The Department of Veterans Affairs (VA) on Sept. 20 awarded $52.5 million in grants to 80 community-based organizations working to prevent veteran suicides.
The grants, part of the Staff Sergeant Parker Gordon Fox Suicide Prevention Grant Program, were awarded to organizations in 43 states, the District of Columbia, Guam and American Samoa. They will help these organizations provide or coordinate the provision of suicide prevention services for eligible veterans and their families. For more information and the list of awardees, visit the SSG Fox SPGP website.
Reducing the rate of veterans who die by suicide is the focus of The American Legion’s highest priority, Be the One. The mission is aimed at reducing the perceived stigma associated with mental health treatment, raising awareness about the issue and empowering everyone to take the appropriate action when a veteran may be at risk.

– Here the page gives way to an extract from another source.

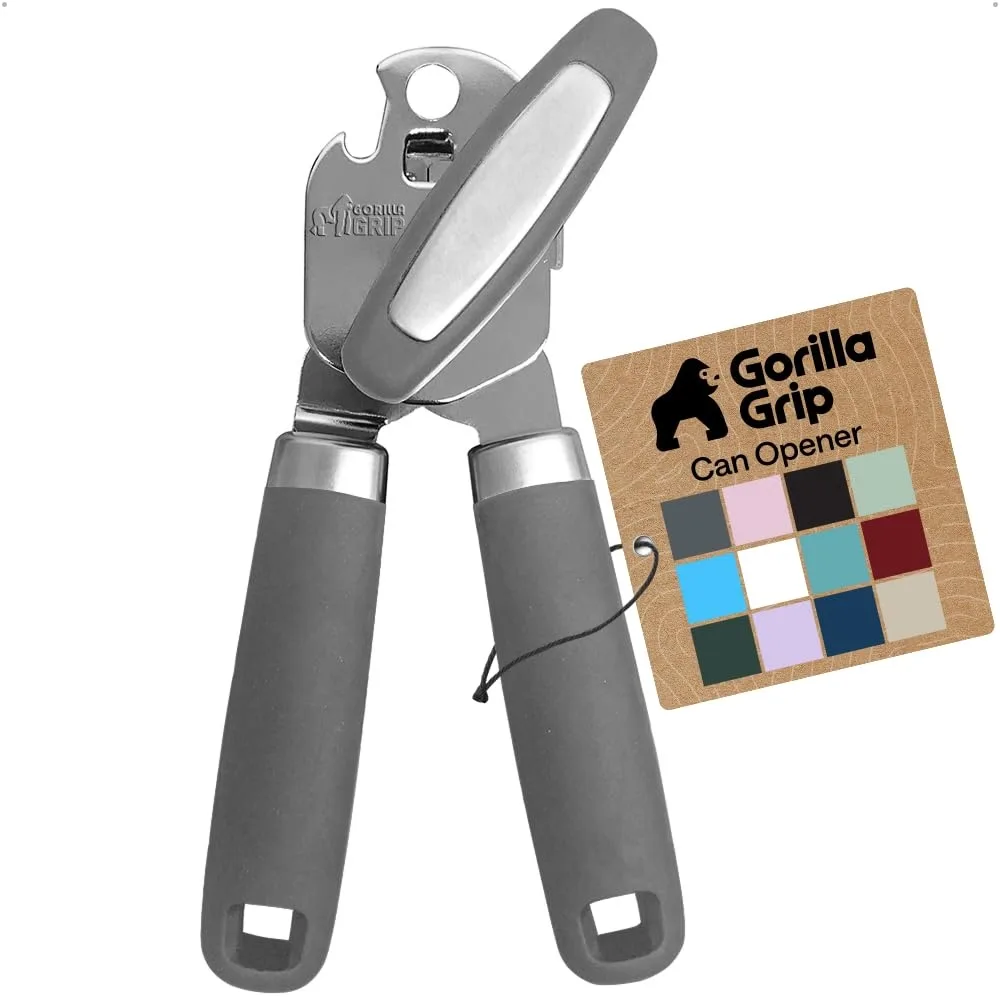 Gray stainless steel manual can opener with oversized turn knob and cushioned handles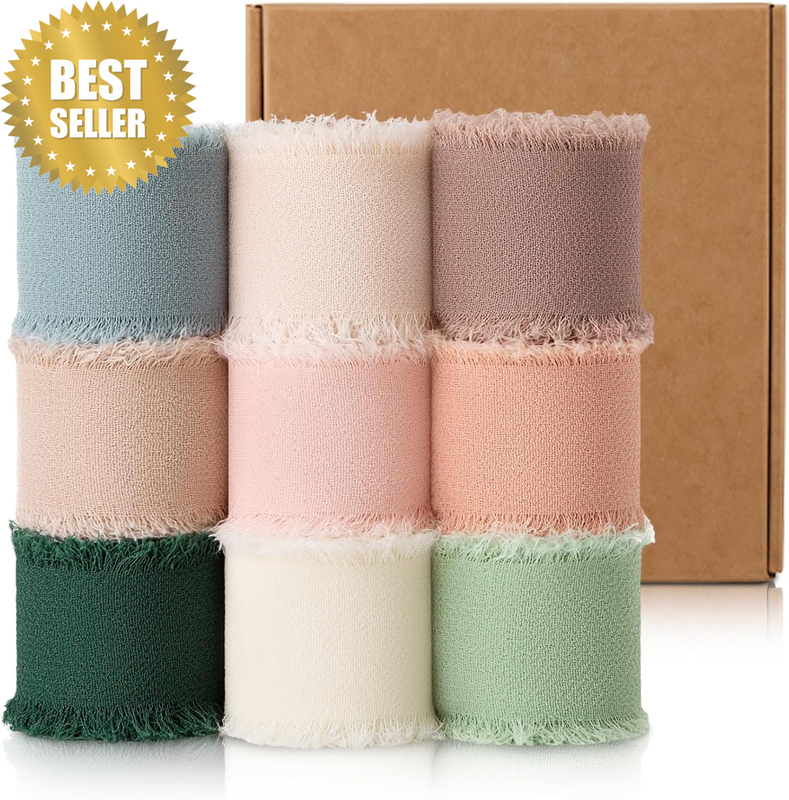 Chiffon Ribbons for Gift Wrapping Handmake Fringe Silk Ribbon Set for Wedding Bo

Additionally, VA announced:
• Its new PSAs on suicide prevention: The PSA directs viewers to the website VA.gov/REACH where veterans and family members can navigate a range of resources available to help in a time of need. That’s why the new PSA asks the question: “When was the last time you asked for help?” Learn more here.
• New program yields results: More than 32,000 veterans in crisis have received free emergency health care under a new VA program. Since Jan. 17, veterans in acute suicidal crisis have been able to go to any VA or non-VA health-care facility for emergency health care at no cost – including inpatient or crisis residential care for up to 30 days and outpatient care for up to 90 days.
• 988 number hits milestone: Since the launch of “Dial 988 then press 1” as the shortened Veterans Crisis Line number in July 2022, the crisis line has fielded more than 1.1 million contacts. This includes over 953,000 calls, an increase of 12.1% from the same timeframe from the previous year, with an average speed to answer of 9.48 seconds. There was also a year-over-year increase in text messages (58.1%) and online chats received (10%).
“There is nothing more important to VA than preventing veteran suicide — nothing,” VA Secretary Denis McDonough said. “One veteran suicide is one too many, and VA will continue to use every tool at our disposal to prevent these tragedies and save veterans’ lives.”